Assigned task: Each line below is to be copied out exactly, and none may be omitted.

Information shown:
========================================================================
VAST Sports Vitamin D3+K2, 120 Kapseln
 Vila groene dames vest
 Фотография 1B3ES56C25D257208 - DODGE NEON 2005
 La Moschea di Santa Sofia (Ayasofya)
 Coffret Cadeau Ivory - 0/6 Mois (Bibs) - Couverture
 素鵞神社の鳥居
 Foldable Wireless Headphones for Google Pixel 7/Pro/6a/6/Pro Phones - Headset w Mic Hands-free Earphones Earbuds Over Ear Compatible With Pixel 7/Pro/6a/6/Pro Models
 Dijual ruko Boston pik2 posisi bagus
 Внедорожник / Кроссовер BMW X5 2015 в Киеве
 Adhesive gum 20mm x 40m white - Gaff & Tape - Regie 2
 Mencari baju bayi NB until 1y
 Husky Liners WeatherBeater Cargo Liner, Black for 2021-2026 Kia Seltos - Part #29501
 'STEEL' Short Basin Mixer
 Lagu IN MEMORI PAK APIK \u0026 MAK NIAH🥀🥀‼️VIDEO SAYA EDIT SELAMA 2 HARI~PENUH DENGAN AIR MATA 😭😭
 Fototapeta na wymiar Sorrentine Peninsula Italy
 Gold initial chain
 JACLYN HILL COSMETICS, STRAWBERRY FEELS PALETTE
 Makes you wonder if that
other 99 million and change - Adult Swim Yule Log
========================================================================
Output below:
VAST Sports Vitamin D3+K2, 120 Kapseln
 Vila groene dames vest
 Фотография 1B3ES56C25D257208 - DODGE NEON 2005
 La Moschea di Santa Sofia (Ayasofya)
 Coffret Cadeau Ivory - 0/6 Mois (Bibs) - Couverture
 素鵞神社の鳥居
 Foldable Wireless Headphones for Google Pixel 7/Pro/6a/6/Pro Phones - Headset w Mic Hands-free Earphones Earbuds Over Ear Compatible With Pixel 7/Pro/6a/6/Pro Models
 Dijual ruko Boston pik2 posisi bagus
 Внедорожник / Кроссовер BMW X5 2015 в Киеве
 Adhesive gum 20mm x 40m white - Gaff & Tape - Regie 2
 Mencari baju bayi NB until 1y
 Husky Liners WeatherBeater Cargo Liner, Black for 2021-2026 Kia Seltos - Part #29501
 'STEEL' Short Basin Mixer
 Lagu IN MEMORI PAK APIK \u0026 MAK NIAH🥀🥀‼️VIDEO SAYA EDIT SELAMA 2 HARI~PENUH DENGAN AIR MATA 😭😭
 Fototapeta na wymiar Sorrentine Peninsula Italy
 Gold initial chain
 JACLYN HILL COSMETICS, STRAWBERRY FEELS PALETTE
 Makes you wonder if that
other 99 million and change - Adult Swim Yule Log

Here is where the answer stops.